AIM OF THE EXERCISE: Exactly as written, copy every line from the one containing "Big Lashes Nap Queen Graphic Tee" through the end of the records, with the pictures left out.

** DATASET follows **

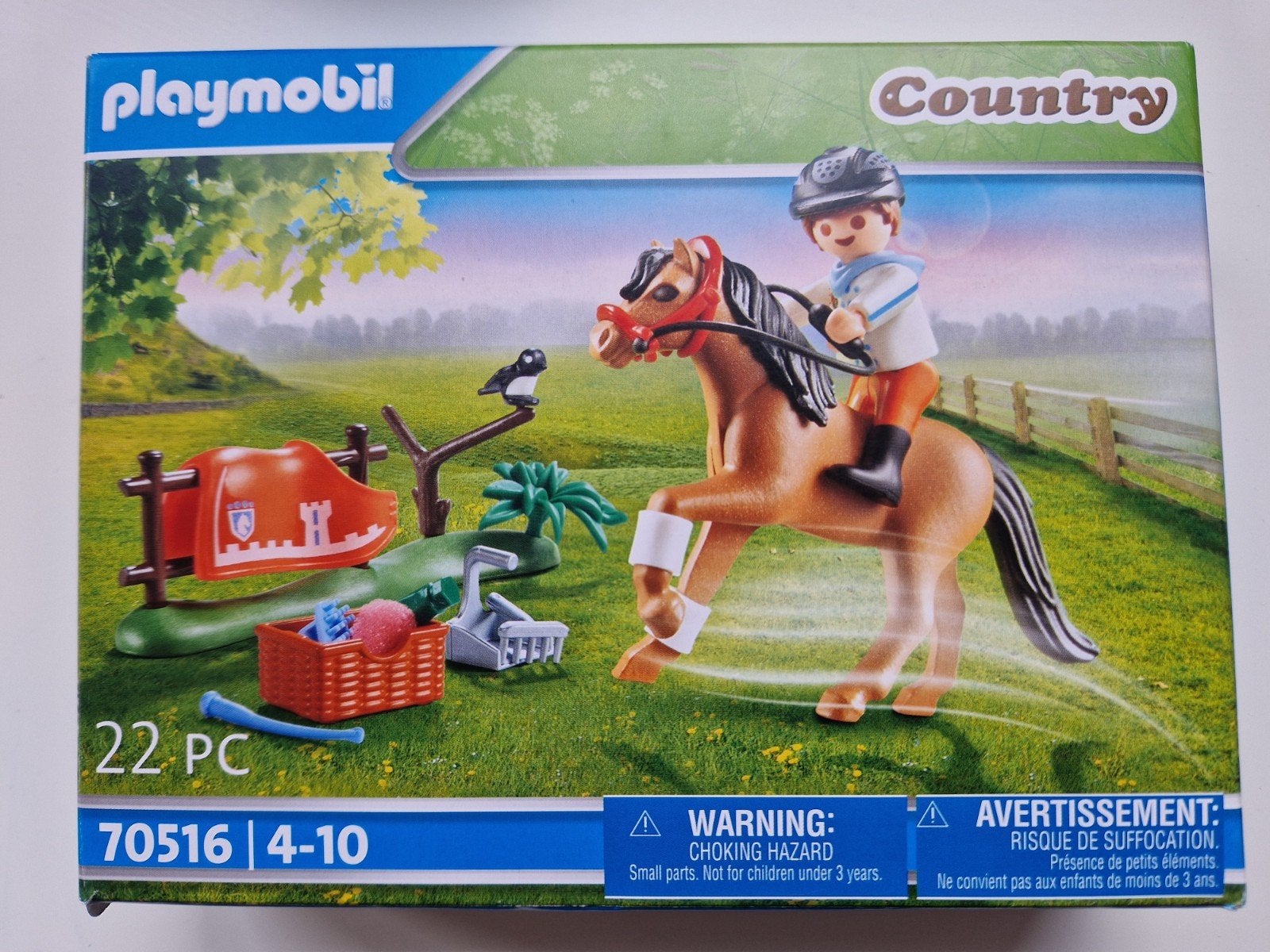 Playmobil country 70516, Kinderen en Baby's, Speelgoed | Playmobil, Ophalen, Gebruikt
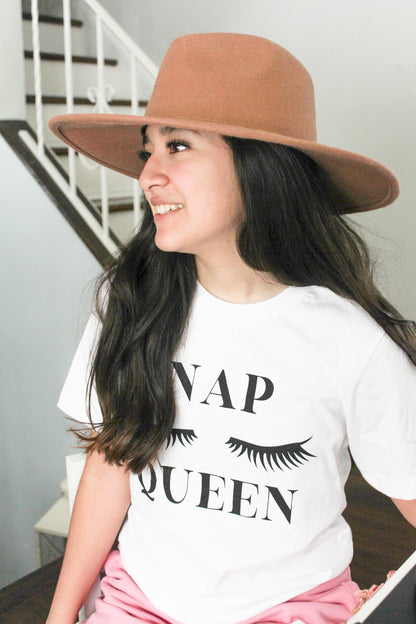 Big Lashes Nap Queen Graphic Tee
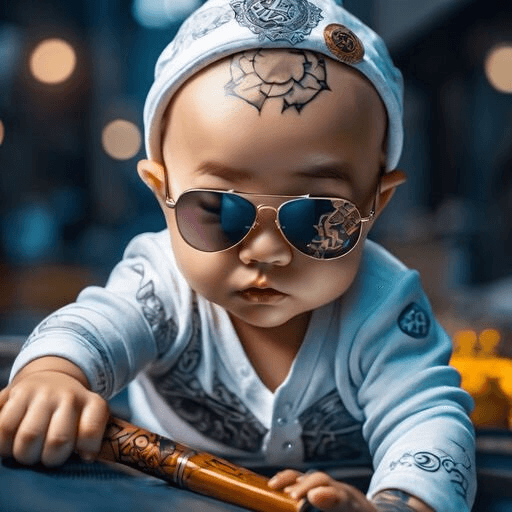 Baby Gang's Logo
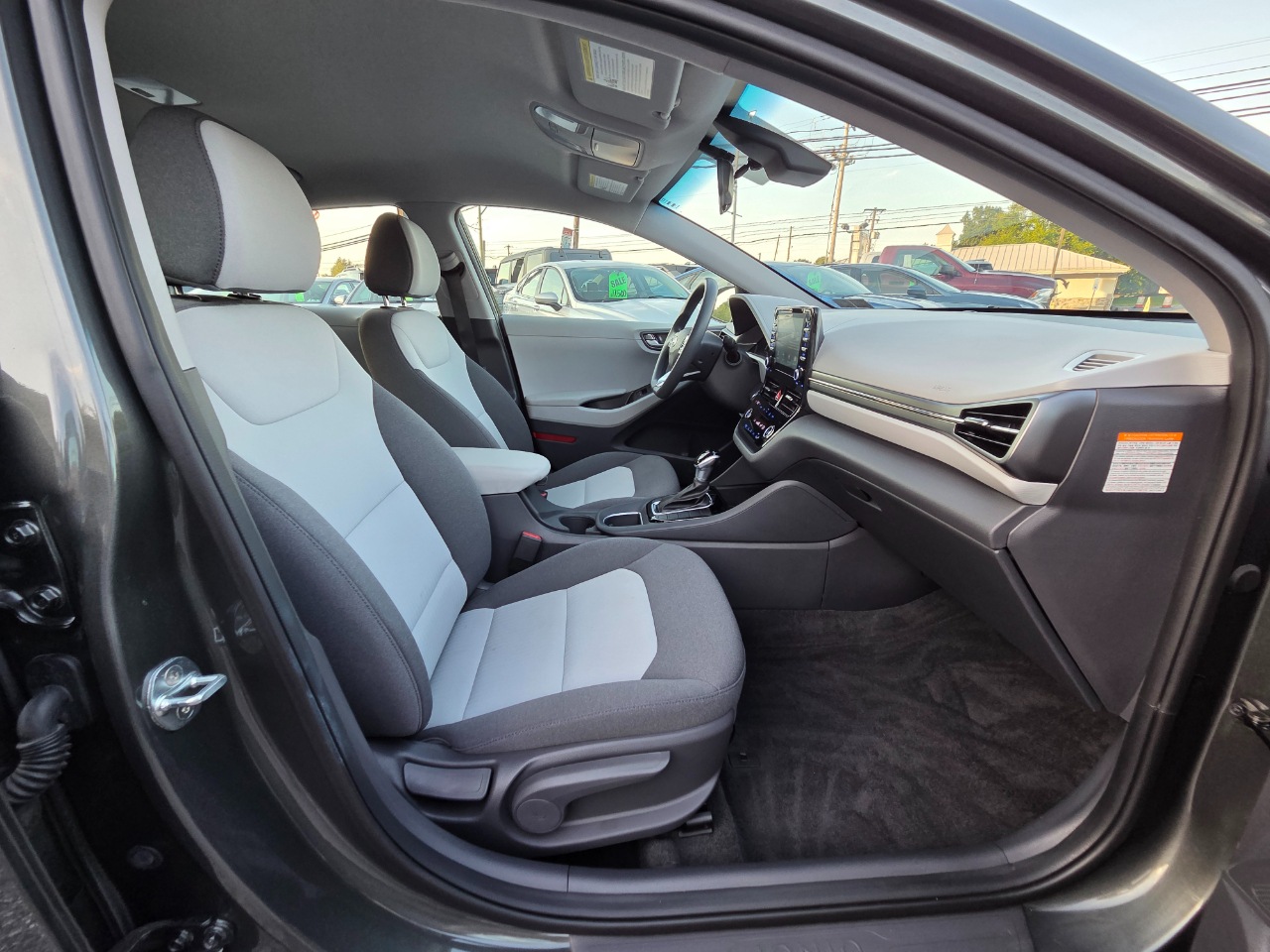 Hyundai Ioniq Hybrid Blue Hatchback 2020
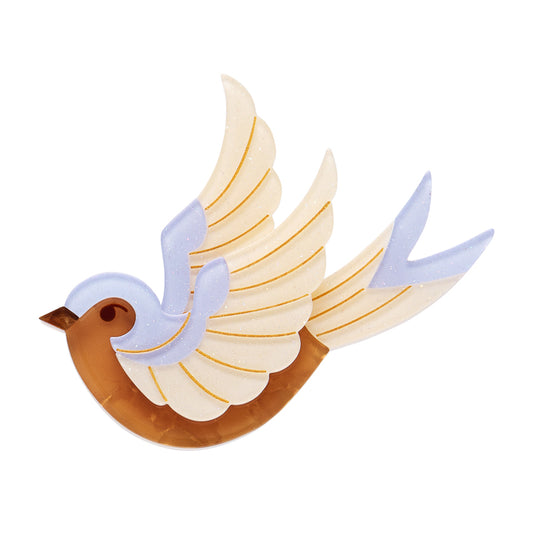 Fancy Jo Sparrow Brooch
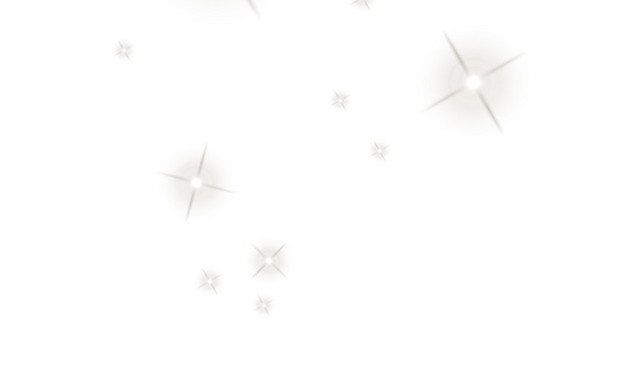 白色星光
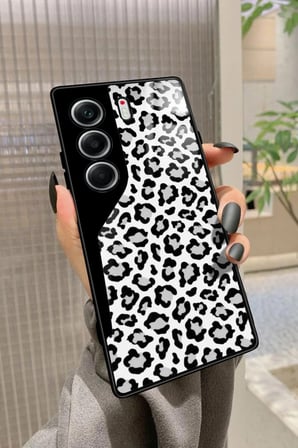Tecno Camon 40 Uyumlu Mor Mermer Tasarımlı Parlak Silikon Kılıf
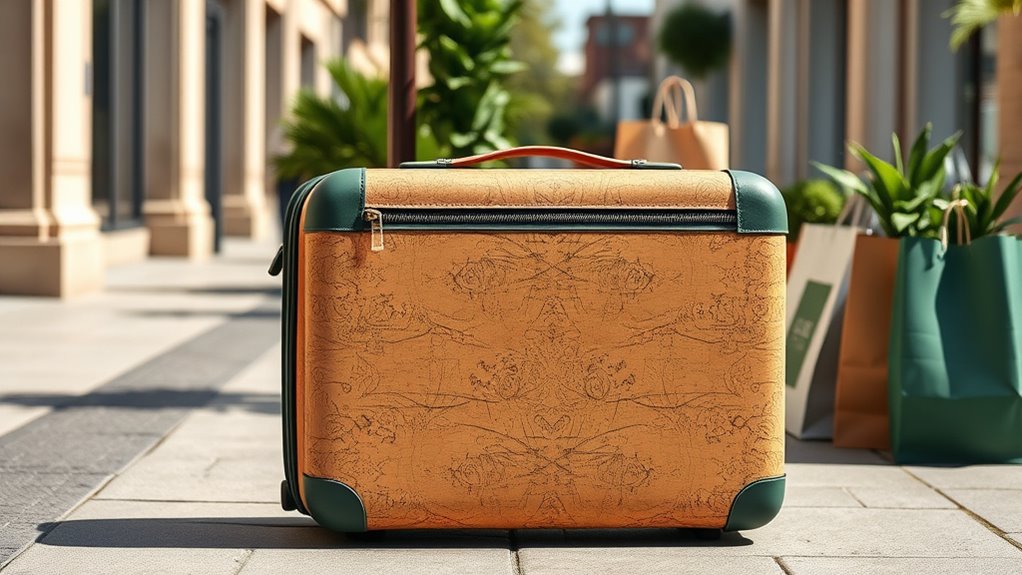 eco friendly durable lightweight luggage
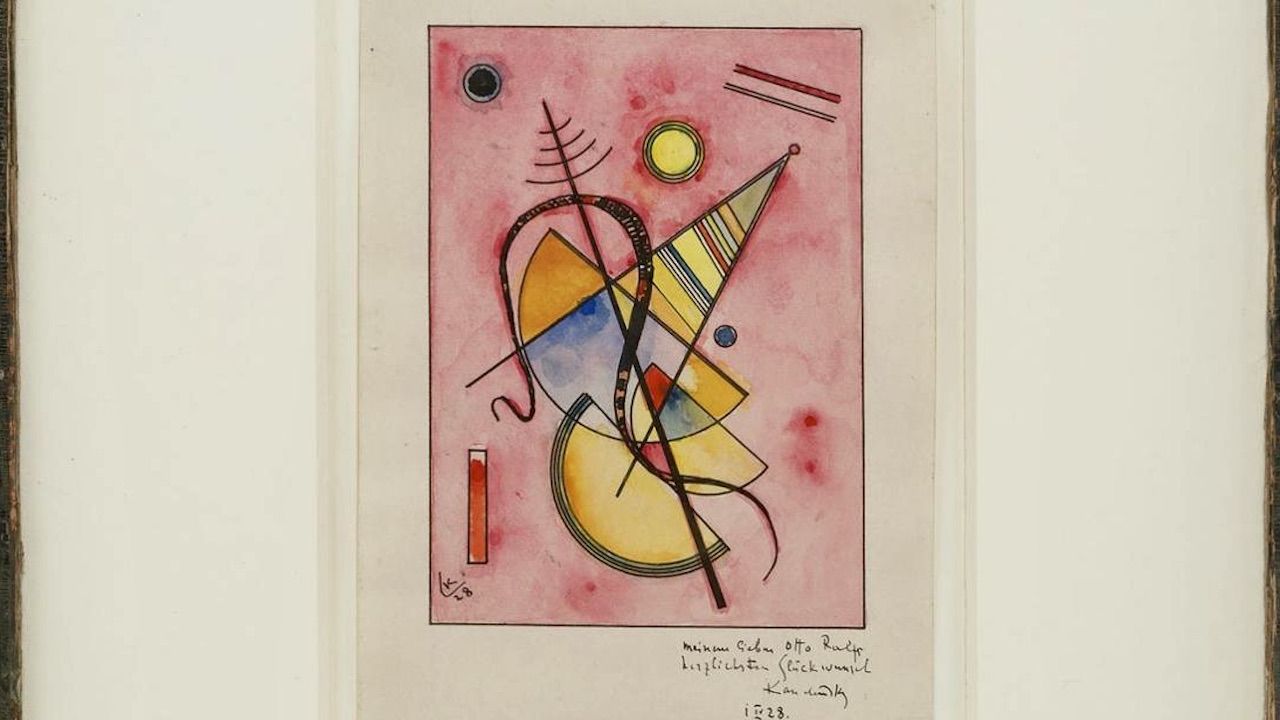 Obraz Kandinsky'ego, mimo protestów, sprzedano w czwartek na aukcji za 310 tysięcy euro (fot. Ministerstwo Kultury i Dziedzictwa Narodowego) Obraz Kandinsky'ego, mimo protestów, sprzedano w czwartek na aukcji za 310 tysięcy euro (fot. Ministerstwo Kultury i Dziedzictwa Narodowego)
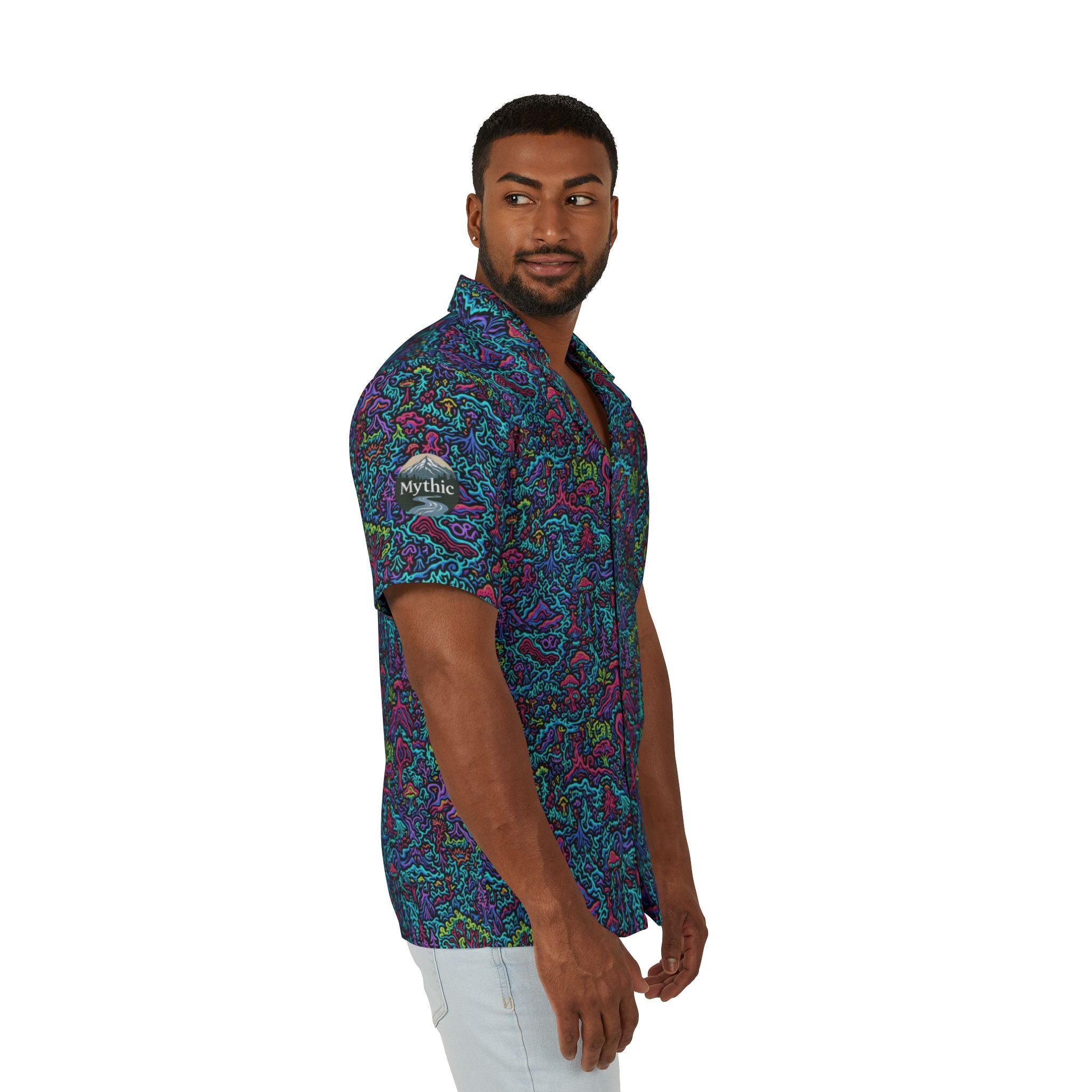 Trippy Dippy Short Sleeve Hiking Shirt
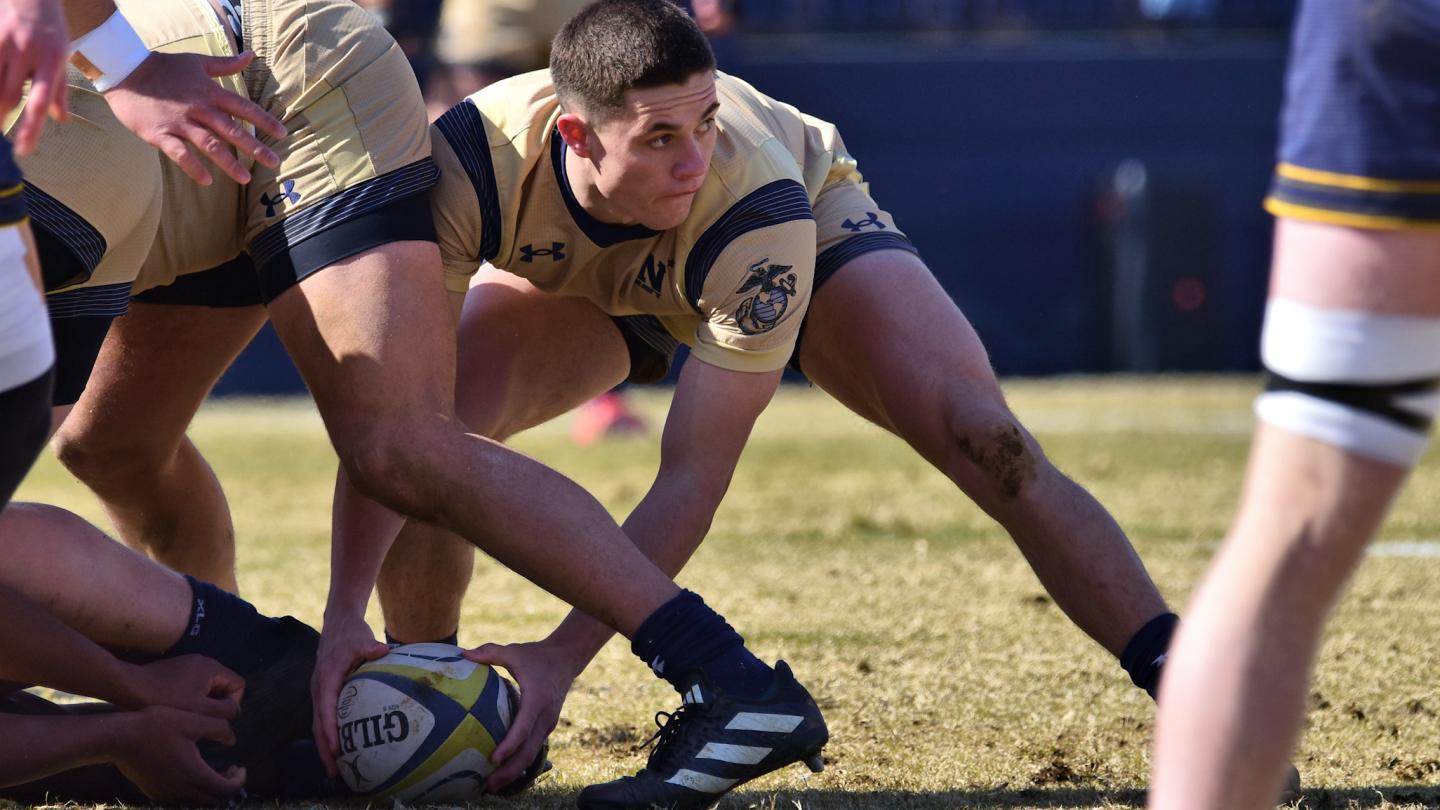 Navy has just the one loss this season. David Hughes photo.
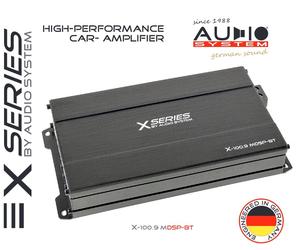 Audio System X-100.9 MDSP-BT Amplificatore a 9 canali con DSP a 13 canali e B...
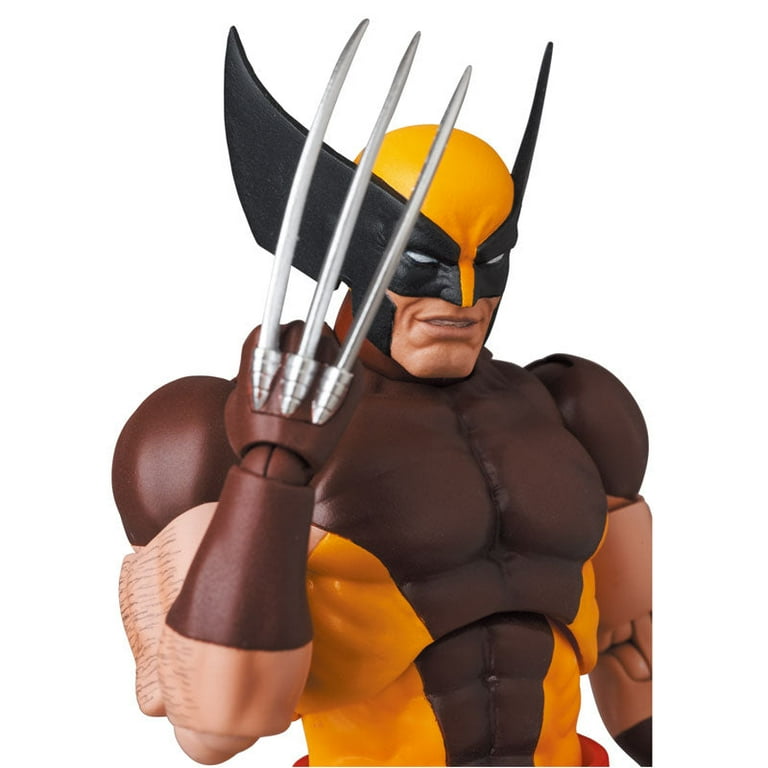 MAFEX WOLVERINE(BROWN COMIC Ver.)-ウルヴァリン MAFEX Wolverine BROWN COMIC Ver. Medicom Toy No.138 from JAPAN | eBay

** End of DATASET **

ANSWER:
 Big Lashes Nap Queen Graphic Tee
 Baby Gang's Logo
 Hyundai Ioniq Hybrid Blue Hatchback 2020
 Fancy Jo Sparrow Brooch
 白色星光
Tecno Camon 40 Uyumlu Mor Mermer Tasarımlı Parlak Silikon Kılıf
 eco friendly durable lightweight luggage
 Obraz Kandinsky'ego, mimo protestów, sprzedano w czwartek na aukcji za 310 tysięcy euro (fot. Ministerstwo Kultury i Dziedzictwa Narodowego) Obraz Kandinsky'ego, mimo protestów, sprzedano w czwartek na aukcji za 310 tysięcy euro (fot. Ministerstwo Kultury i Dziedzictwa Narodowego)
 Trippy Dippy Short Sleeve Hiking Shirt
 Navy has just the one loss this season. David Hughes photo.
 Audio System X-100.9 MDSP-BT Amplificatore a 9 canali con DSP a 13 canali e B...
 MAFEX WOLVERINE(BROWN COMIC Ver.)-ウルヴァリン MAFEX Wolverine BROWN COMIC Ver. Medicom Toy No.138 from JAPAN | eBay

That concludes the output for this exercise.